ZNK520	Mg-5Zn-2Nd-0.4Zr	91.55 ± 3.12	5.88 ± 0.88	2.18 ± 0.06	0.39 ± 0.1

.

The melting process began by heating the resistance furnace to 760 °C. Once the furnace reached this temperature, the crucible was placed inside, and a protective gas mixture (CO₂ + 2.4 vol. % SF6) was introduced [33,34]. When the crucible temperature reached 660 °C, the pure Mg ingot was added and allowed to fully melt. Meanwhile, the remaining materials were preheated at 250 °C. After the Mg had completely melted, the following materials were sequentially added to the melt: Mg-30Gd, Mg-30Y, and pure Zn. The materials were added in order of decreasing mass, with the heavier materials being added first. Before each material was added, the surface oxide layer of the molten metal during crucible melting was removed. The raw materials were subsequently added slowly into the melt using tongs. After each addition, the system was allowed to stabilize for about 15 min to ensure that the material had fully melted and that the elements were uniformly dispersed within the molten metal. Once all of the materials had been added, the molten alloy was maintained at 780 °C for 15 min to promote complete homogenization, followed by a stirring period of 5–10 min. The protective gas remained uninterrupted throughout the entire melting process.

During the melting process, the casting mold was preheated to 250 °C. Once the mold reached this temperature, a mold release agent was evenly sprayed inside. The mold temperature was then increased to 300 °C and maintained until the molten metal had finished settling. Before casting, the oxide layer on the surface of the molten Mg alloy was removed, and the molten alloy was immediately poured from the crucible into the preheated mold. After solidification, the cast ingot was removed from the mold.

2.2. Materials Characterization

The elemental composition of the as-cast Mg alloys was determined through quantitative analysis using an ICAP 7400 (Thermo Electron Corporation, Waltham, MA, USA) inductively coupled plasma-optical emission spectrometer (ICP-OES). The sample masses ranged from 10 to 100 mg.

A Zeiss Gemini 560 (Carl Zeiss AG, Oberkochen, Germany) field emission scanning electron microscope (FE-SEM) was employed to observe the microstructure of the samples. An energy dispersive spectrometer (EDS) was used to conduct a qualitative analysis of the elemental types and content in both the matrix and secondary phase. The preparation of SEM samples followed the same general requirements as the optical microscopy (OM) samples, with the decision to conduct corrosion treatment depending on the specific needs of the study. Subsequently, statistical analysis of the size, morphology, and content of the secondary phases in the SEM images was conducted using Image-Pro Plus 6.0 software.
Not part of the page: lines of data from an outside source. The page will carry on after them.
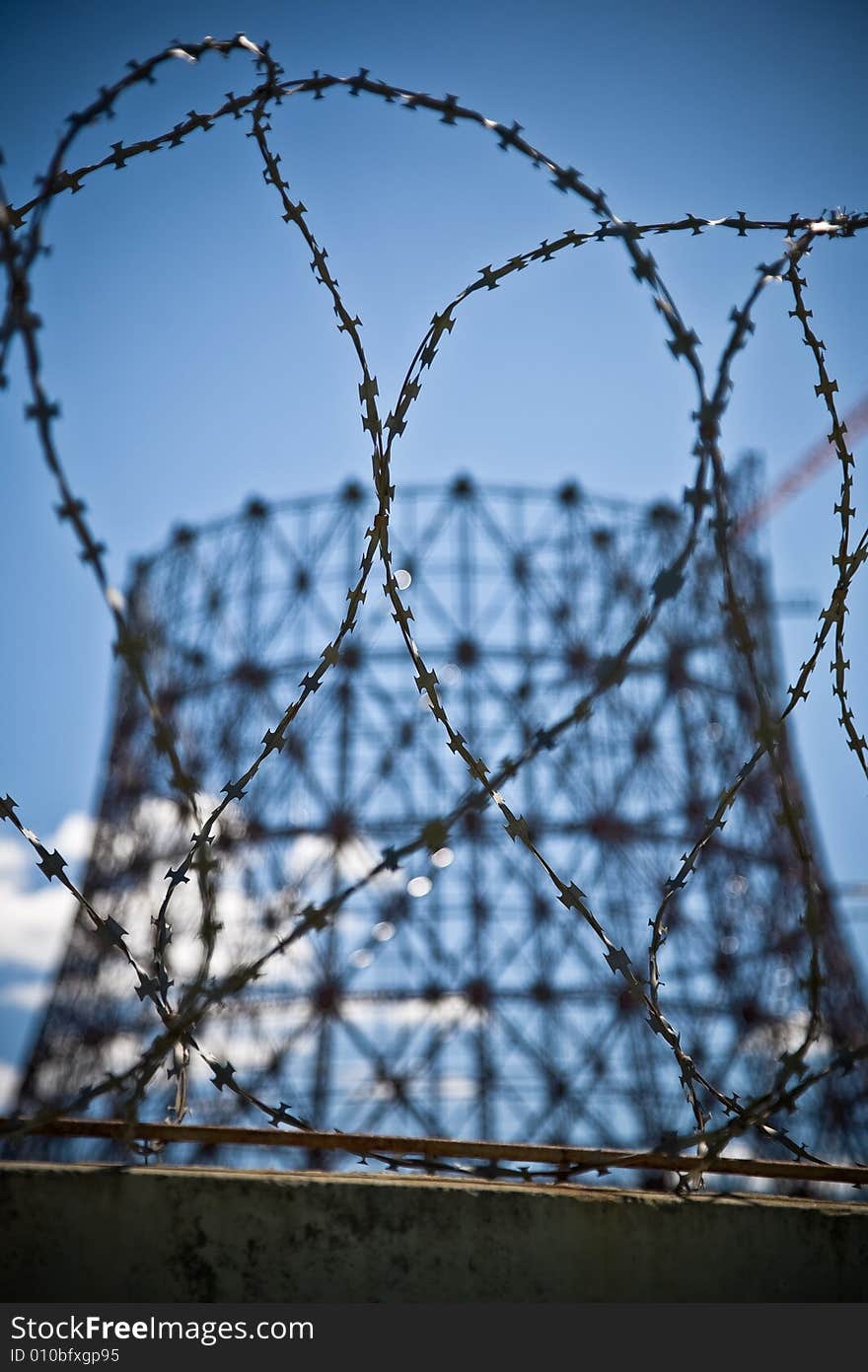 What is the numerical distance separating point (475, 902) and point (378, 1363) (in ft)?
36.4

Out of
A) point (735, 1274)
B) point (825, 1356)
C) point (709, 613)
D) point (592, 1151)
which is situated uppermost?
point (709, 613)

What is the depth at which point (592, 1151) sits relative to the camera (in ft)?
8.98

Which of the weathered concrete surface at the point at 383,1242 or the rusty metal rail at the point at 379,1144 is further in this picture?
the rusty metal rail at the point at 379,1144

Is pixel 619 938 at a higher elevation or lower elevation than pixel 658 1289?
higher

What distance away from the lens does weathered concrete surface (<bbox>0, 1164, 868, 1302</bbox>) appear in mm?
2430

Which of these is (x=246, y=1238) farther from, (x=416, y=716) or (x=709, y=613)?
(x=709, y=613)

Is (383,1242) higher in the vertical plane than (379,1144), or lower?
lower

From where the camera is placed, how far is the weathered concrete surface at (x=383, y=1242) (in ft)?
7.97

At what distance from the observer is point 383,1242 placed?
2547mm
Electron backscatter diffraction (EBSD) analysis was performed using a Zeiss Gemini 560 field emission scanning electron microscope equipped with an EBSD detector. The scanning step size was determined based on the grain size, typically set to one-tenth of the grain size to ensure sufficient and accurate data collection. EBSD samples must not only have a smooth surface, but also be free of the surface stress layer. The initial preparation method for the EBSD samples was generally the same as for the SEM samples. After mechanical polishing, it was sufficient to remove deeper scratches without completely eliminating all scratches. Subsequently, electrolytic polishing was carried out to remove the surface stress layer. The electrolyte consisted of a mixture of perchloric acid and ethanol in a 1:9 ratio. The electrolytic polishing was conducted at a voltage of 7.1 V and a current of 0.15 A for 10–15 s. After polishing, the sample was immediately removed and ultrasonically cleaned in ethanol. Liquid nitrogen was added during the polishing process to lower the electrolyte temperature and improve the resolution of the sample. AztecCrystal software (AZtec 5.1) was used for the analysis and processing of the EBSD data.

Transmission electron microscopy (TEM) was conducted using a Talos F200X microscope (FEI, Hillsboro, OR, USA). The sample preparation procedure was as follows. First, a 0.2 mm thick slice was cut using electrical discharge wire cutting. This slice was then polished on SiC sandpaper until the thickness was reduced to below 50 μm. Finally, a Φ3 mm disc was thinned using a Gatan 695 ion thinning instrument (Gatan, Pleasanton, CA, USA). Introduction of the ion milling instrument and parameters. Ion gun: A Penning-type ion gun equipped with miniature magnets, designed for focused ion beam operation, with no consumable parts. Milling angle: Adjustable from +10° to −10°, each ion gun can be independently controlled. Sample stage rotation: The sample stage is rotatable, with an adjustable rotation speed ranging from 1 to 6 rpm. Sample stage movement range: The stage allows movement in both the X and Y directions, with a range of ±0.5 mm. Ion beam energy: Ranges from 0.1 keV to 8 keV, with automatic optimization of the ion beam current at different voltages. Vacuum system: Oil-free mechanical pump combined with a molecular pump system. The transmission electron microscope was equipped with an energy dispersive spectrometer (EDS), which was used to perform compositional analysis of the samples.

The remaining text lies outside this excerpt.